Collecting Profile Data of Ascend C Operators

This section shows how to use msProf to tune a vector operator on the board. The vector operator can add two vectors and output the result.

The procedure for collecting profile data in the three operator calling scenarios (kernel launch, single-operator API call, and PyTorch framework) is basically the same. This example uses the kernel launch scenario as an example.

Prerequisites

  • You have obtained the sample project from the link, and prepared for onboard operator simulation tuning.
    • This example project does not support Atlas A3 Training Series Product .
    • When downloading the code sample, run the following command to specify the branch version:
      git clone https://gitee.com/ascend/samples.git -b master
  • Environment variables have been configured as instructed in Before You Start.

Procedure

  1. Prepare for operator compilation according to the sample project description and by following the instructions provided in "Directly Debugging a Kernel Based on a Sample Project" in Ascend C Operator Development Guide.
  2. Build a single-operator executable file.

    The following uses the Add operator as an example. In the ${git_clone_path}/samples/operator/ascendc/0_introduction/3_add_kernellaunch/AddKernelInvocationNeo directory of the sample project, run the following command to build an executable file:

    bash run.sh -r npu -v <soc_version> # Operator running on the Ascend device
    bash run.sh -r sim -v <soc_version> # Operator running on the simulator

    After the one-click script building and running is complete, the NPU-side executable file ascendc_kernels_bbit is generated in the project directory.

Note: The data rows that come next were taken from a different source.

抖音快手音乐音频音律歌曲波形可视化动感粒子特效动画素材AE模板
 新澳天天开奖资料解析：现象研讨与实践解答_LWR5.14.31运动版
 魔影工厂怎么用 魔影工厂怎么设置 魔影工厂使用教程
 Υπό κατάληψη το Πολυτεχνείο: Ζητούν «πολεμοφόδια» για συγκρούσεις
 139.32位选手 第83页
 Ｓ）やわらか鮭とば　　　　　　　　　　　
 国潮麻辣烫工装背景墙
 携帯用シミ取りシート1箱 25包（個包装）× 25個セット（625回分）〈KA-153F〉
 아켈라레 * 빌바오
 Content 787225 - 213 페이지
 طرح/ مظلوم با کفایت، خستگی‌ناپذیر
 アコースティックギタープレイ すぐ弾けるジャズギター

    • The executable file name (ascendc_kernels_bbit) in this example is only an example. Use the actual compiled script in the current project.
    • Run the npu-smi info command on the server where the Ascend AI Processor is installed to obtain the Chip Name information. The actual value is AscendChip Name. For example, if Chip Name is xxxyy, the actual value is Ascendxxxyy.
  3. Import environment variables.
    export LD_LIBRARY_PATH=${git_clone_path}/samples/operator/ascendc/0_introduction/3_add_kernellaunch/AddKernelInvocationNeo/out/lib/:$LD_LIBRARY_PATH
  4. Collect operator profile data.

    For operators running on an Ascend device, run the following command to collect the msprof op profile data and refined tuning data:

    msprof op ascendc_kernels_bbit

    For operators running on the simulator, run the following command to collect the msprof op simulator profile data, pipeline data, and heatmap data:

    msprof op simulator --soc-version=Ascendxxxyy ascendc_kernels_bbit  // xxxyy indicates the type of the processor used by the user.
  5. View the operator profile data. For details, see Tool Usage.